#### [WORK INSTRUCTION]
Word for word, print out all of the data, omitting every image.

#### [DATASET EXTRACT]
########
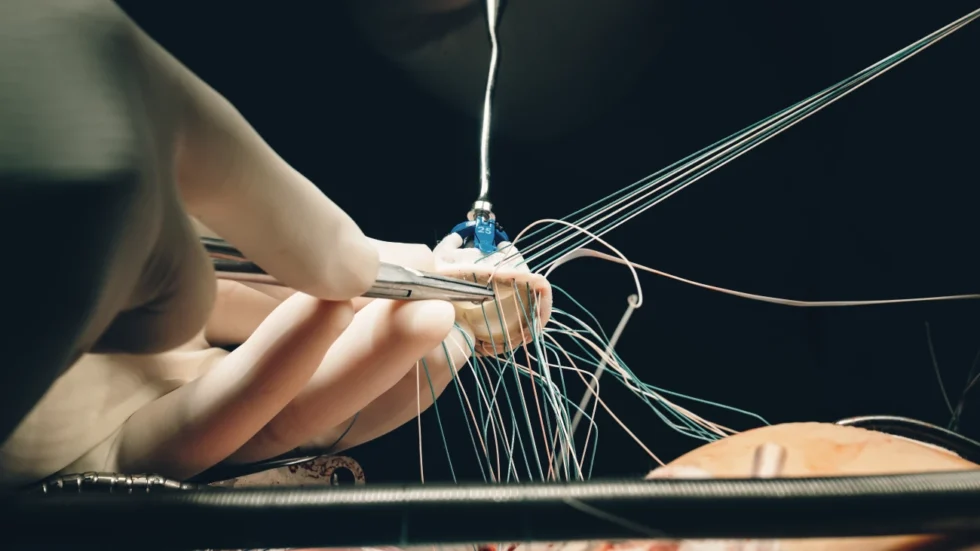 Bangalore, Health, Minimally Invasive Heart Valve Surgery &ndash; Faster Recovery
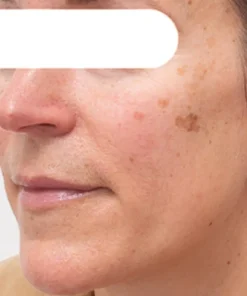 AEXZR® Herbal Spots Peel-Off Facial Mask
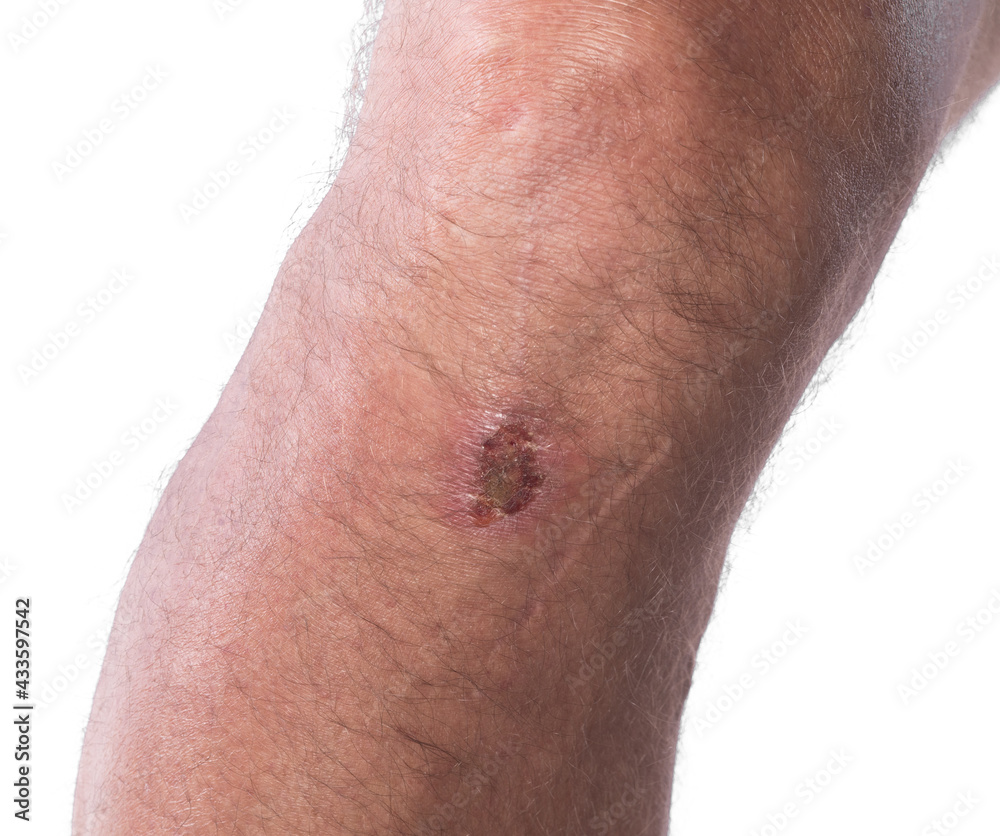 Fototapeta premium male sore knee isolated on white background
########
#### [OUTPUT BELOW]
 Bangalore, Health, Minimally Invasive Heart Valve Surgery &ndash; Faster Recovery
 AEXZR® Herbal Spots Peel-Off Facial Mask
 Fototapeta premium male sore knee isolated on white background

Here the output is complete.